Friday, September 27th, 2013

'Forgotten Histories' documents Fort's past

By William Kincaid
Submitted Photo

Ball State University students interview Fort Recovery State Museum Director Nancy Knapke for their documentary, "Forgotten Histories: The Battles of Wabash and Fort Recovery."

FORT RECOVERY - Most people don't know about Fort Recovery, says Jack Hemmelgarn in the new documentary "Forgotten Histories: The Battles of Wabash and Fort Recovery."
"They come here, and they say, 'that can't be true because if it was that important, I would have heard about it,' " Hemmelgarn, a member of the of the Fort Recovery Historical Society, says. "But it's the most historical place nobody's ever heard of."
What Hemmelgarn is referring to is a series of cornerstone battles responsible for the westward expansion of the United States - the focus of the documentary produced by students at Ball State University, Muncie, Ind. The DVD is available at the Fort Recovery State Museum for a donation.
Spanning 26 minutes - a length required for submission to several film festivals - "Forgotten Histories" is a succinct, informative summation of the Battle of the Wabash in 1791, also known as St. Clair's Defeat, and the Battle of Fort Recovery in 1794.
The Battle of Wabash was very historic, museum director Nancy Knapke says.
"This was just a huge event, the greatest loss of the United States Army and the greatest victory of a native force over a white, invading force in the history of the world," she adds.
The documentary reveals the fledgling nation's encroachment on territories inhabited by Native Americans, resulting in the Northwest Indian War. The U.S. suffered its worst defeat under General Arthur St. Clair at the Battle of Wabash, but American forces - then commanded by General Anthony Wayne - triumphantly struck back against the coalition at the Battle of Fort Recovery.
"For a set of students to come in and kind of take that information and distill it down and make it an interesting story that has a little bit different slant on it, I think they did a really nice job," says Chris Keller, an archaeologist at Ball State University's Department of Anthropology.
Keller and university colleagues Dr. Mark Groover and Dr. Cailin Murray successfully applied for a $33,000 internal university grant to help produce the documentary and guided the students' efforts.
Employing a series of images, maps and stock footage of re-enactments - some mined from the local museum's archive - with multiple voice-over narrators and music, the film effectively tells the stories and creates suspense in under 30 minutes.
"We knew we wanted interviews interspersed with the telling of the history interspersed with whatever footage was here at the museum," Keller says, adding the students were disappointed they couldn't fit every interview into the documentary.
One of the goals of the project was to present a balanced perspective of the conflicts, which was achieved in part by adding the opinions of George Ironstrack, a member of the Miami Tribe of Oklahoma.
In the film, Ironstrack says some people would prefer to gloss over the defeat of St.

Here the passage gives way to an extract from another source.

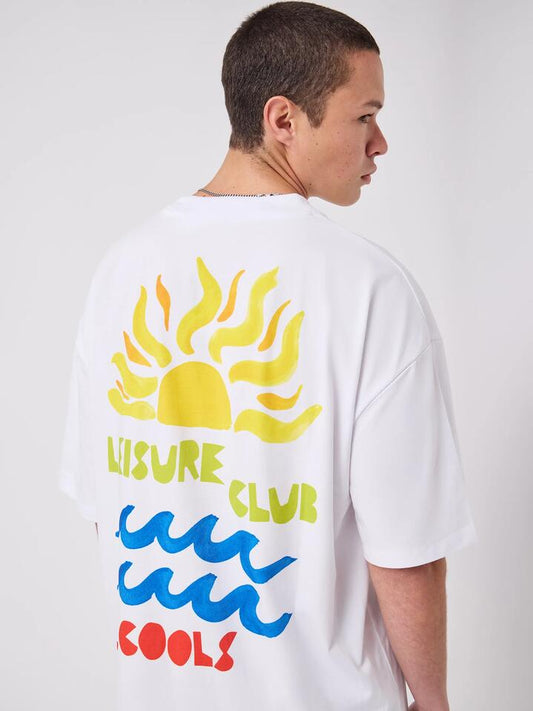 Image of a model wearing Tops. Productname: Barney Cools Leisure Club Tee in White colour by brand - Barney Cools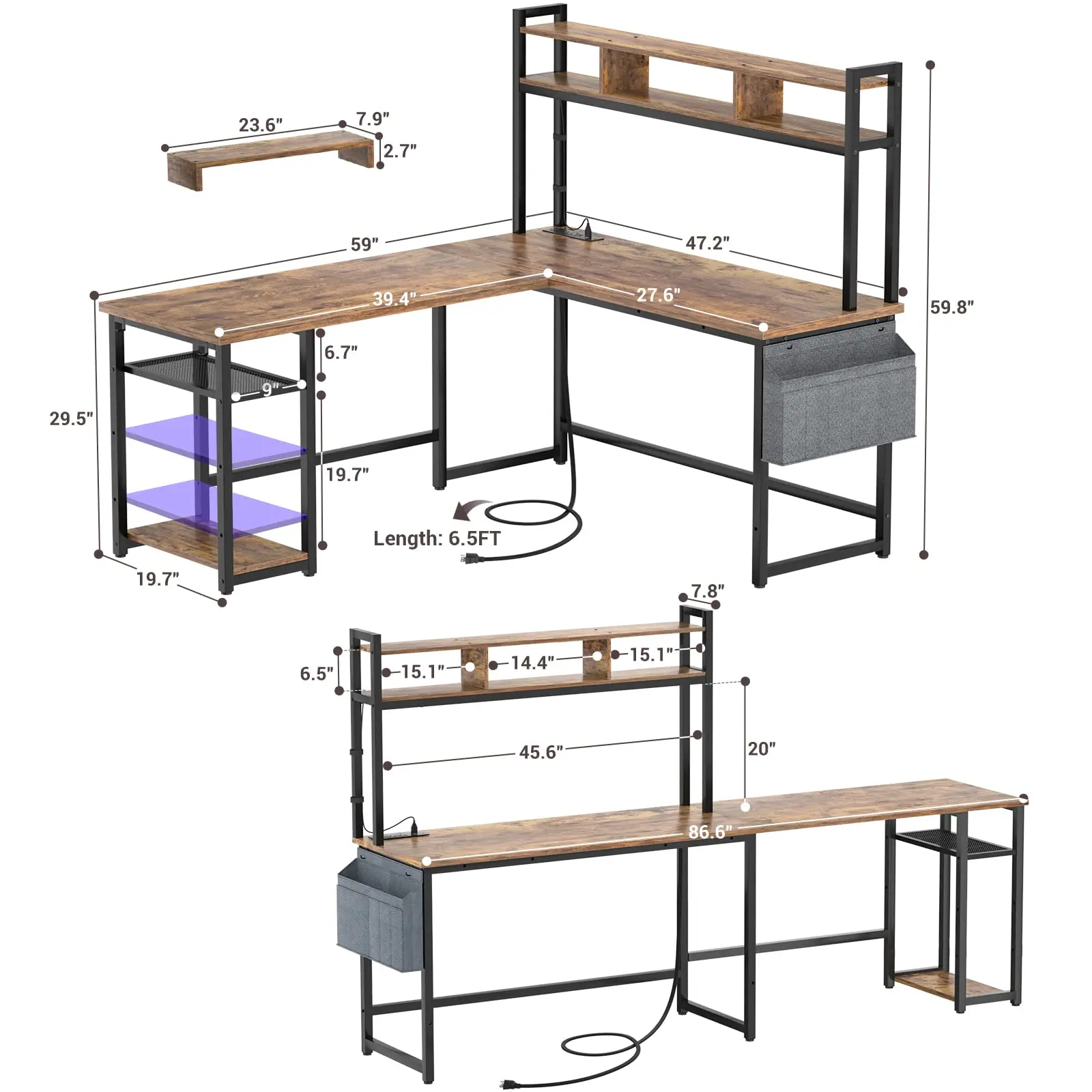 Computer Corner Desk with Storage Shelf and Monitor Stand L Shaped Desk with Power Outlets and LED Strip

Clair because it's the dirty underbelly of American history. But it's also the reality of how this country got to where it is today, he explains.
"It was an empire, and in many ways behaves like an empire today," he says. "If people don't like that, it's perhaps because they fail to deal with their past of being an empire. But if you don't acknowledge that you were an empire and you took territory by conquering it, then how can you acknowledge today ways in which your nation behaves in an imperial fashion?"
The biggest misunderstanding people have about the Native Americans is viewing them as living exclusively in the past and not interacting with or even realizing they exist today in a real sense, Ironstrack says.
"The Indians were misused by the white man, in my opinion," Bob Freemyer of the historical society states in the film.
Fellow historical society member Neil Diller says the government is very embarrassed by the defeat at Wabash.
"Otherwise this story would be a much bigger thing in history," he says, "So what do you do with the bad stuff you don't like? You just kind of don't say much about it."
The Ball State students, mostly junior and senior anthropology and history majors, logged 2,177 hours and learned video editing and interviewing skills while producing the film.
"It made me proud of both the history and our students," Keller says of the finished product.
The work was submitted to multiple film festivals, aired on PBS of Muncie and was shown at a Fort Recovery High School student assembly last spring in conjunction with the 100th anniversary celebration of the Fort Recovery Monument.
The collaboration between the university and the village of Fort Recovery is mutually beneficial, Keller said. Ball State's anthropology department was recently awarded two National Park Service American Battlefield Protection Program grants totaling $131,532 to continue archaeological research and preservation work in the village.
"Honestly, the students feel like kings and queens when they come over here," Keller says. "They love to come over here because everybody is very appreciative of what they're doing, and they feel special and they feel like what they're doing is important."